Encontros da Faxineira de Ilusões II

Ana Virgínia Santiago
Divulgação

Passeio para os meus reencontros. Preciso rever as minhas gentes...

Fico observando o rio que passa por minha aldeia...

O sol, que acalma o seu dever cumprido falando de poesia com a púrpura cor da paixão, já harmonizou com os desejos da tarde e inicia o seu adormecer.

Procuro os encantos de minha aldeia tão importantes à minha vida.  Volto ao lugar que me viu passar etapas.

Vejo, de longe, uma outra vida, Senhora  que fez parte da rotina do meu  mundo infante. Não tem mais a tranquilidade do sentar-se na porta de sua casa, à tardinha, porque lhe roubaram a segurança. Agora não tem mais os amigos que ali descansavam e, juntos, saudavam quem por eles passavam. Todos conhecidos, muitos com laços afetivo de geracões... 

Eu, Faxineira de Ilusões, a vejo de longe...

Por que tanta tristeza no olhar Daquela Senhora? Parece que sobreviveu aos desanimados gritos de desejos calados e, nessa desesperança,  ainda tentou reerguer-se na imensidão de uma vida que  se esvaiu de suas mãos abertas de tanto implorar...
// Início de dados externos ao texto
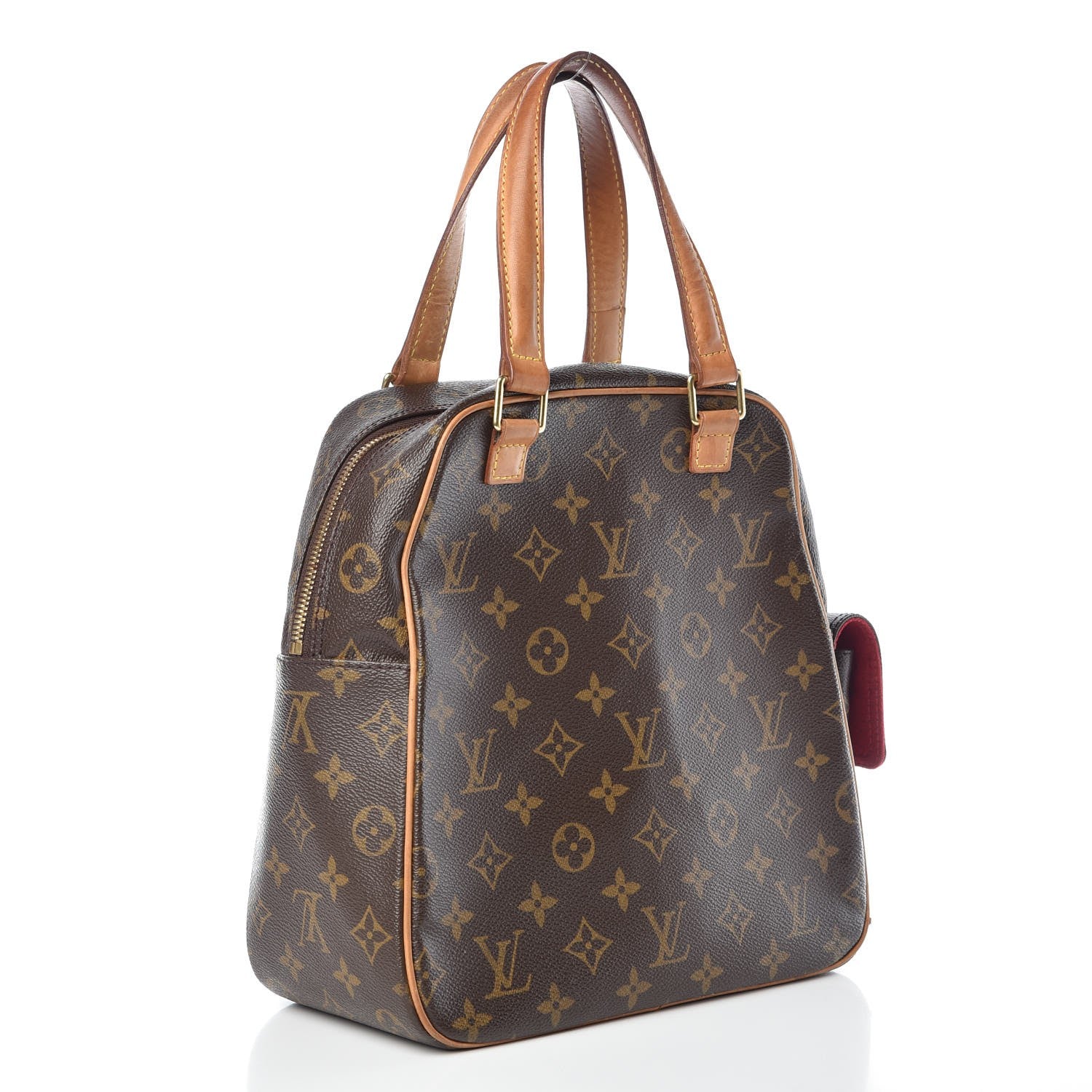 Louis Vuitton Monogram Excentri-Cite 3 of 9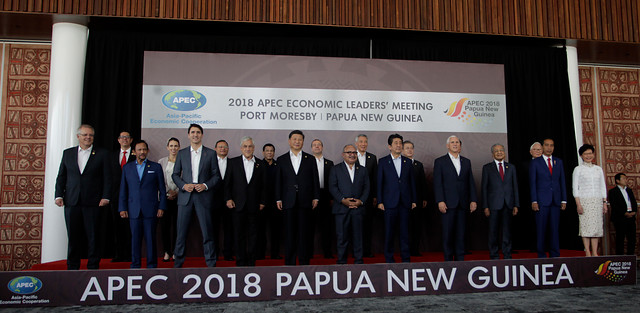 Disputa entre China y EE.UU. deja a la cumbre APEC sin declaración final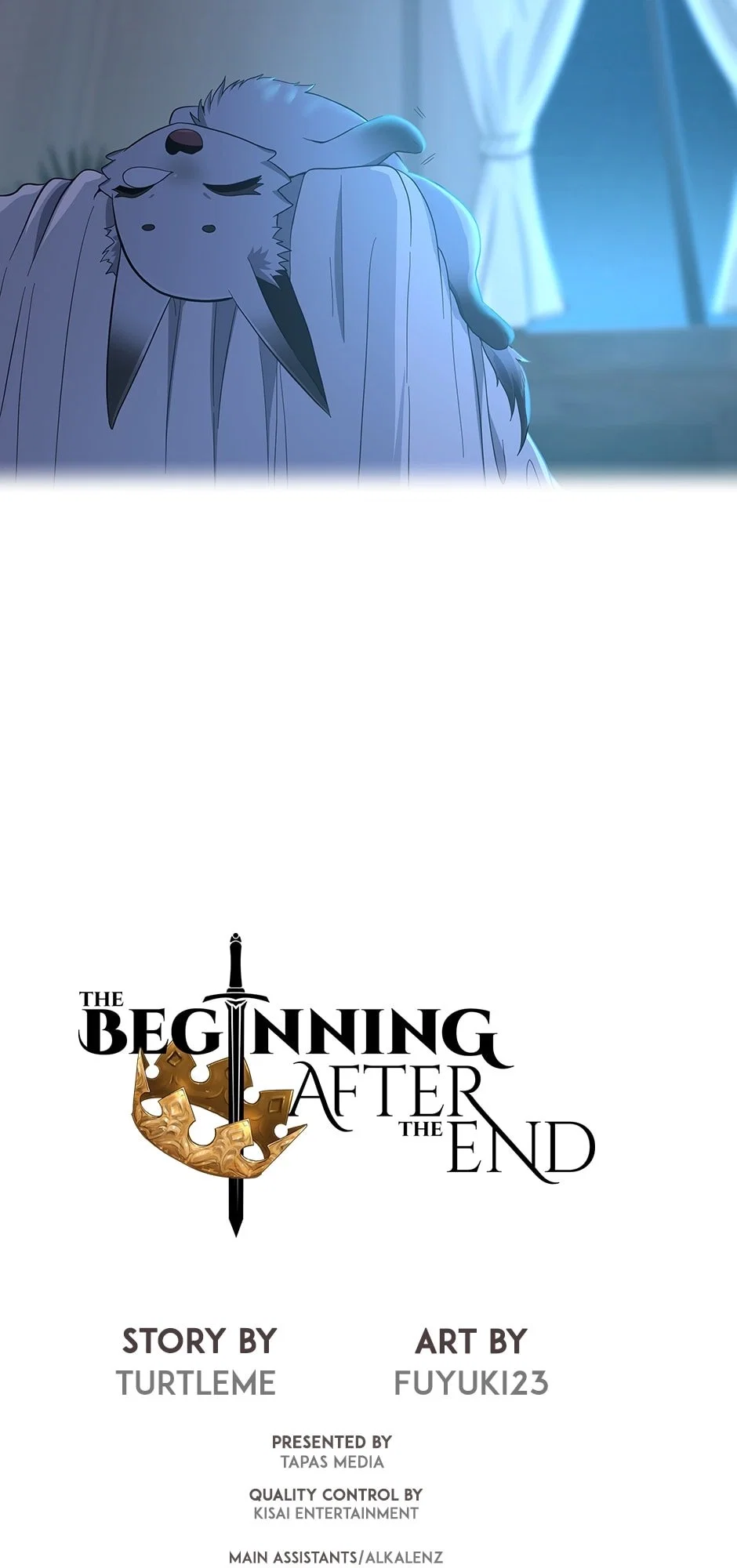 The Beginning After the End Chapter 76 - Page 40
Percorreu todos os caminhos da dor e da aflição, olhando os lados em busca de um arbusto para se apoiar.

Inútil querência!

A sua missão sempre foi essa, banir sonhos, quebrar vontades permitidas, jogar fora os pensamentos da alma, podar vôos e desconhecer seres alados.

A Senhora está triste ou sempre foi triste e, menina, nunca a enxerguei assim?

Conversamos e, sem perguntas, a Senhora me diz que já está acostumada ao esquecimento, ao ser adorno, objeto de composição de ambiente, solidez de imagem,  esquecida expressão humana teimando ainda em existir... Apascentou sua solidão na rotineira vida de, à tardinha, sentar, conversar e recordar...

Converso com ELA. Digo de minhas lembranças , das saudades de nossas “prosas”, da flor tirada de seu jardim e que me dava, com o sorriso mais terno que eu ganhava e da delicadeza quando me elogiava.

Cadê  a Senhora  que não enxergo mais?!

Voltei à minha aldeia em busca de reminiscências que alimentam o meu coração.

Também eu, Faxineira de ilusões, peço tão pouco...apenas ser aquela poeirinha que o sol reflete quando a janela é aberta em plena manhã chegada, réstia de luz, anúncio de claridade do dia que chega, certeza da importância em existir.

Quero tanto e tão pouco! Tenho o capricho de cravar na alma  a corajosa iniciativa de pôr as asas como o filho de Dédalo quando quis deixar Creta.

Tão pouco! Sou aquela que gosta de inverno , fazendo do coração uma vontade maior, grandiosa, imensa e intensa: voar não em sonhos, mas, voar com os pés no chão sem o temor do sol derreter as asas de cera que estão presas às minhas quimeras.

Ando e paro diante do mar que sempre teve o poder de tranquilizar os meus pensamentos...

A tarde já está assentada , aguardando o seu momento de descansar . Tudo é silêncio. E a hora alerta para um momento em que muitos sentem tristeza e ouve o sacro  louvor a uma Senhora Nossa que tanto nos guia.

Tudo é silêncio, como silenciosos são os meus pensamentos que, com  os  passos  de  retorno à casa , caminho pela rua .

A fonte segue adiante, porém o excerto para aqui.